After years of working for Sodexo, John brings home $8.05 an hour, visits charities weekly to put food on the table for his children and says the only sign of appreciation he sees from management are star stickers.
Mike, another Sodexo employee at Binghamton University, who works a different position, makes slightly more after the same number of years — $9.50 an hour. This year he’s hoping to be able to “do Christmas for the kids” without having to worry about how he’ll pay for it in January, but he knows there are workers worse off.
To protect their identities, workers were granted anonymity and are referred to by pseudonyms.
Both workers say the only reason they’ve stayed with the company this long is because of the free healthcare it provided for its employees in the most recent contract, which expired in August. But according to both John and Mike, who made $12,000 and $15,000 last year, respectively, negotiators from Sodexo are calling for workers to pay for a quarter of their health insurance in the new contract.
“Our biggest thing with this contract, and I know everybody else agrees, we’re not greedy,” Mike said. “We want what’s fair.”
Sodexo Inc.’s Web site states that the company is the “leading provider of intergrated food and facilities management services in the U.S., Canada and Mexico,” and that for the fiscal year of 2007 the company brought in $7.3 billion in annual revenue.
According to Paul Kerns, general manager for Sodexo at BU, the contract covers full-time and part-time food service workers, excluding students, clerical workers and management staff. Since that contract’s expiration, Kerns has sat down with one member of the Sodexo Labor Relations Team, a union representative from UniteHERE (Hotel Employees Restaurant Employees) local 471 and a committee of at least seven workers to negotiate the terms of the new contract.
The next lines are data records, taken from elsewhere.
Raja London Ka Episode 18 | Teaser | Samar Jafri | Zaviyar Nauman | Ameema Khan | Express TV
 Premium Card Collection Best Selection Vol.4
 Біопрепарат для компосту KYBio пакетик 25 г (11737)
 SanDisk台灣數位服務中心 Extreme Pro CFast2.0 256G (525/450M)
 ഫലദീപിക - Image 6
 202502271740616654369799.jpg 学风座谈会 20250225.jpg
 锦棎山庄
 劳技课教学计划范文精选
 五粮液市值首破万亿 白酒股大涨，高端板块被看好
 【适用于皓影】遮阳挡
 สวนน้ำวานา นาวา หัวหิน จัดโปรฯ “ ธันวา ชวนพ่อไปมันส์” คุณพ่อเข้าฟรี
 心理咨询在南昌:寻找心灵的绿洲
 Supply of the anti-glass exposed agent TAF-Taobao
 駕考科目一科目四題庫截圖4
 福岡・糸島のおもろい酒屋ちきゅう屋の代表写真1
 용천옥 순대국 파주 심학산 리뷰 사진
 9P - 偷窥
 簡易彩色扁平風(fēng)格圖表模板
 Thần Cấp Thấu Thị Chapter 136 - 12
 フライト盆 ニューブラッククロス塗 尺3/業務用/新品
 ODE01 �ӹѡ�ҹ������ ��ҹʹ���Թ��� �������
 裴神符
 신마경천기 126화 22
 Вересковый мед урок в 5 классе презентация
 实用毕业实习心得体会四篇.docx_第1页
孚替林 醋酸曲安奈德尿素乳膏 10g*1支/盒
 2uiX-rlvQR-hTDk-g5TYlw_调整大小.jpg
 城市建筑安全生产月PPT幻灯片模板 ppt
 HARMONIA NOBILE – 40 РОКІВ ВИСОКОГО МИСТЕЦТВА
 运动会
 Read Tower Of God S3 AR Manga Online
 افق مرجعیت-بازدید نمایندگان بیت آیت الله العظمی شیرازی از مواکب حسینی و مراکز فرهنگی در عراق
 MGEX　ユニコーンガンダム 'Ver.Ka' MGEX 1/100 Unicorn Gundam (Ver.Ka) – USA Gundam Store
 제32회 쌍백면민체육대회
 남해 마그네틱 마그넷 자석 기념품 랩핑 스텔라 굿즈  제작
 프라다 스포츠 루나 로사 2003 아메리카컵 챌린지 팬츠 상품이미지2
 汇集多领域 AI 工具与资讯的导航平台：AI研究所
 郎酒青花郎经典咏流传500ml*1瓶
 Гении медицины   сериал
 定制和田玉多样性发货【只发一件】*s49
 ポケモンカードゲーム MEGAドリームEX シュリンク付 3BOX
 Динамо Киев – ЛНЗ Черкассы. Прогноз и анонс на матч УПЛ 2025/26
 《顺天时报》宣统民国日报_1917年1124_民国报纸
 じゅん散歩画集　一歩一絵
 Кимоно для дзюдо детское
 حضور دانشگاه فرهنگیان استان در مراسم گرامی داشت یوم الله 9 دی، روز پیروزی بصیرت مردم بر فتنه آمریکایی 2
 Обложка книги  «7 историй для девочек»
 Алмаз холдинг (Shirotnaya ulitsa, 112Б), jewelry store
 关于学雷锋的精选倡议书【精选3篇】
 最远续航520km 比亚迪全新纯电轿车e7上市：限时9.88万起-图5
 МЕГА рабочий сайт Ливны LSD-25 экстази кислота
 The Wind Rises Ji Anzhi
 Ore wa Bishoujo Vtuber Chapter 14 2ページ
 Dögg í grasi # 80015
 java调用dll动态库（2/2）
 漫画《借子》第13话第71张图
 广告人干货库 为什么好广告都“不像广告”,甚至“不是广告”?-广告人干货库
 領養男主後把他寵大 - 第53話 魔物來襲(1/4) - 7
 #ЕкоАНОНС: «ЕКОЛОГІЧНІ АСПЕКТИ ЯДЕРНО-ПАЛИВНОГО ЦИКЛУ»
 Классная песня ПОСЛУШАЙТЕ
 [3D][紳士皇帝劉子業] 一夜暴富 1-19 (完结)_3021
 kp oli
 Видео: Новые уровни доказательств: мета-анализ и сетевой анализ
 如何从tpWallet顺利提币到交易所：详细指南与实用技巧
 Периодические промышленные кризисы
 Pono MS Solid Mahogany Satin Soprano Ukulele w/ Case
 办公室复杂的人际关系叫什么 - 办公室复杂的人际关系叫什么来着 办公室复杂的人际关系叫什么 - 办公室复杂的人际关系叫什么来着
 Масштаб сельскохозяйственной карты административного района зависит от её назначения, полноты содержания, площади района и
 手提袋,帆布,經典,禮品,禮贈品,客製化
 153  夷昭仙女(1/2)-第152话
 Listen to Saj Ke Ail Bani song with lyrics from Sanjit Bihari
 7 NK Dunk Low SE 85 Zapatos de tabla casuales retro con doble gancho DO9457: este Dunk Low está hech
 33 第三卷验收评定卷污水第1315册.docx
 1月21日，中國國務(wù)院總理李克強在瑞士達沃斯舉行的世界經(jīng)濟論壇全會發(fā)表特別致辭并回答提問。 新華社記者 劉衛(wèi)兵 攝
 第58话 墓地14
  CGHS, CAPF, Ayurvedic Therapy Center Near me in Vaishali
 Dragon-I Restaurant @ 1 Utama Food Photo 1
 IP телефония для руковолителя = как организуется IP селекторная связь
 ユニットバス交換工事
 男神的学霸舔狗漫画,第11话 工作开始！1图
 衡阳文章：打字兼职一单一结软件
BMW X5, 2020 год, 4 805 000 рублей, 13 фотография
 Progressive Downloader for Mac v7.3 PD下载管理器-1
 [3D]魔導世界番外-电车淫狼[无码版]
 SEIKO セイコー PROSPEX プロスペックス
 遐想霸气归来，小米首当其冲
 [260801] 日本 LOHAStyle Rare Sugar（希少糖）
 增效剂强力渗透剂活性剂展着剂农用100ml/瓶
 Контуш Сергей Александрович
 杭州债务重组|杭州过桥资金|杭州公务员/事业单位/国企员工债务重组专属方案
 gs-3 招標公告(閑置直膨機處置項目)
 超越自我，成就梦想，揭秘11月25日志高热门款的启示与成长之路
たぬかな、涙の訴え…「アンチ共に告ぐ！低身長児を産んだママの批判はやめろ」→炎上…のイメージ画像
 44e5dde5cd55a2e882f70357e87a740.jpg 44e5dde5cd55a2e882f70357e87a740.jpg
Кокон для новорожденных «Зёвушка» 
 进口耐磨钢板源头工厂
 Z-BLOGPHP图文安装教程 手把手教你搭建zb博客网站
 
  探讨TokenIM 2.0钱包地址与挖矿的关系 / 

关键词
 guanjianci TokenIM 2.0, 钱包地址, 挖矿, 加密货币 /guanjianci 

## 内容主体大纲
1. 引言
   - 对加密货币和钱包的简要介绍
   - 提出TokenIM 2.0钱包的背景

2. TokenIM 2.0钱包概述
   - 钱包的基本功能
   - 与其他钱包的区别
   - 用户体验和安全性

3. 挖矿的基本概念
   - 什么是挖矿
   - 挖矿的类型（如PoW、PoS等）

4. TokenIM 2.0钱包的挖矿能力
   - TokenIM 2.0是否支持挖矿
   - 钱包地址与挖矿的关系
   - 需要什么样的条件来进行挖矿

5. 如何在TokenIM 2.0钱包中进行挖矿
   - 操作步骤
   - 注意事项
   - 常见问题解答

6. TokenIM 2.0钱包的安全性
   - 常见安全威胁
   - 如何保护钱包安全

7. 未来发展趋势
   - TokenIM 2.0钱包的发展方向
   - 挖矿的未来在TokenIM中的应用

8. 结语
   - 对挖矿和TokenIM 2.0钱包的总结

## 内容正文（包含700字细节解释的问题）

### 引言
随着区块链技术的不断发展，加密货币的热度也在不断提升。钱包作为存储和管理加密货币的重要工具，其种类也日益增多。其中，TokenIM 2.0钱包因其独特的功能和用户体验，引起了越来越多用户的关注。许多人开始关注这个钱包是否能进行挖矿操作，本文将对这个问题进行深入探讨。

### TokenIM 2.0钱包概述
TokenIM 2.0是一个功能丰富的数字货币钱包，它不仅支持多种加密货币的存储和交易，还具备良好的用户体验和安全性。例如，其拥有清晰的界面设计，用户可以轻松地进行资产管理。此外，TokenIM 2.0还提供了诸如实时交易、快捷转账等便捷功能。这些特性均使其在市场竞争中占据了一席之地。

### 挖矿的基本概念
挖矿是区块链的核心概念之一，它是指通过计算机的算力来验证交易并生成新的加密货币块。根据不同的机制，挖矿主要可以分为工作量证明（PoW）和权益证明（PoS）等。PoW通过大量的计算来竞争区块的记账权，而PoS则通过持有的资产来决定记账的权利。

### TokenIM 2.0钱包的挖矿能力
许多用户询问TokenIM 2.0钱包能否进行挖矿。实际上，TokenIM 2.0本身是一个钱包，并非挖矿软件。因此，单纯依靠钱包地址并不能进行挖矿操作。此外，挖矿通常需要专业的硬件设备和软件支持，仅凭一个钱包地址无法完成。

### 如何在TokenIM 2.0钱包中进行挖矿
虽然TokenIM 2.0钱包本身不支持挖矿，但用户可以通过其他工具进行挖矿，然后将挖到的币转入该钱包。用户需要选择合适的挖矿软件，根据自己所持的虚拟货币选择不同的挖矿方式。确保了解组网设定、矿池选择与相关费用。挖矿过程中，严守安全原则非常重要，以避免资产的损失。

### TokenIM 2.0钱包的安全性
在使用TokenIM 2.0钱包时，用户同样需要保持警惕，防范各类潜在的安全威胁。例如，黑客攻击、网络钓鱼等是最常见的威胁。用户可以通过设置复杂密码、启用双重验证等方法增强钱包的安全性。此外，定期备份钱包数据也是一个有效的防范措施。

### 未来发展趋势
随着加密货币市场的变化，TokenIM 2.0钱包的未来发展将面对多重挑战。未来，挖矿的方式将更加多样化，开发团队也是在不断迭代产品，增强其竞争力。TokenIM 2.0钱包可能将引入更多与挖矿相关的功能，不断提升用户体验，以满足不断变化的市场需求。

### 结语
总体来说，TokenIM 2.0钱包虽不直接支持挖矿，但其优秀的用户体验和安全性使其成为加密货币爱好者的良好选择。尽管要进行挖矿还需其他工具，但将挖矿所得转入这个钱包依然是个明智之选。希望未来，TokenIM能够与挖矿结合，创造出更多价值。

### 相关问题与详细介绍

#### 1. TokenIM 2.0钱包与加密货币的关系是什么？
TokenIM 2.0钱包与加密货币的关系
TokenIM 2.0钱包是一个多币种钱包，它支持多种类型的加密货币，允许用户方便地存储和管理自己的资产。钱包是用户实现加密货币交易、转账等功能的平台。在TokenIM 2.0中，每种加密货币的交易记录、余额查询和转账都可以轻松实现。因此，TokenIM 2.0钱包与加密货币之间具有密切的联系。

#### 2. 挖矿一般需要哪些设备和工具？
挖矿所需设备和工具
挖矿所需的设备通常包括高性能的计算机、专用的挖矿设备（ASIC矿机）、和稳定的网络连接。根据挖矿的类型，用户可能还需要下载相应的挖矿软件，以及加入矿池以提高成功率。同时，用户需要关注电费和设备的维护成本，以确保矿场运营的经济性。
An extension of the old contract has been agreed upon in the interim, but either party can back out given 20 days notice.
“Right now we’re in the middle of negotiations,” he said, adding that he couldn’t confirm whether or not Sodexo was pushing to cut healthcare because the negotiations are ongoing. “I think both sides are bargaining as they should be.”
Kerns said that workers covered by the expired contract are paid between $7.15 and $9.50 an hour.
But the bargaining has been at a standstill for the last month or so, according to John, who said that committee members told constituents the negotiations keep getting pushed. Workers on the committee told John that negotiations were initially set for early September, but were put on hold until late October by Sodexo’s representatives because no agreement could be reached on the health care conditions.
Negotiations were delayed again after the Sodexo labor representative canceled plans to meet Oct. 27 and 28 because he was sick, and are now set for Nov. 19, John was informed.
The consistent delay in negotiations could be a tactic to scare workers away from rebellion, Mike said.
“It could go to strike, and the sad thing is if we go to negotiations this next time in November, three weeks from then campus closes for Christmas vacation,” he said. “That’s going to scare the hell out of these employees in here, ones that I know would have a hard time getting by.”
Aside from securing free health care for the next three years, the span a new contract will cover, Mike and John both said workers also want a fair wage — the former has seen $1.50 increase in his wage since he first signed on with Sodexo.
“We’re doing the same job that a state worker would do in here before they [BU officials] contracted it out, why don’t we deserve at least fair treatment?” Mike said.
At least 65 to 70 percent of Sodexo workers at BU visit local charities and soup kitchens to feed themselves or their families, John said.
Worse than the tangible conditions of his labor is the treatment he receives from higher-ups, Mike said, citing specific times when he worked multiple tasks at one time because the company was short-staffed.
At times in his career with Sodexo Mike has gone back and forth between two dining halls because other workers had called in sick.
“The sick thing is I didn’t even get a thank you from my management,” he said. “That’s sad … Treat me like an equal, talk to me like an adult.”
Instead, the company uses a sticker system to reward workers, Mike said. After an employee receives a certain number of stickers, he or she can purchase a prize, like a boom box.
Still, Kerns said the negotiations are just something that happens every three years, and Sodexo doesn’t let them to get in between management and staff.
“We just try to stay focused on taking care of students, faculty and staff,” he said. “We’re really proud of the people that work for us.”
The University is partially at fault too, according to Mike, who blamed officials for allowing such negotiations to take place.
BU spokeswoman Gail Glover said that the University plays no part in the bargaining process.
“The negotiations are between the Sodexo and their employees,” she said. “The University does not have any role in the negotiations nor is it privy to any of the discussion.”
Students on campus have drafted a petition to support Sodexo workers in their fight for a living wage, and to raise awareness, according to Ben Elliott, a senior majoring in international finance. Members of the Binghamton Political Initiative, along with students outside the organization, have garnered at least 1500 signatures in the past three weeks.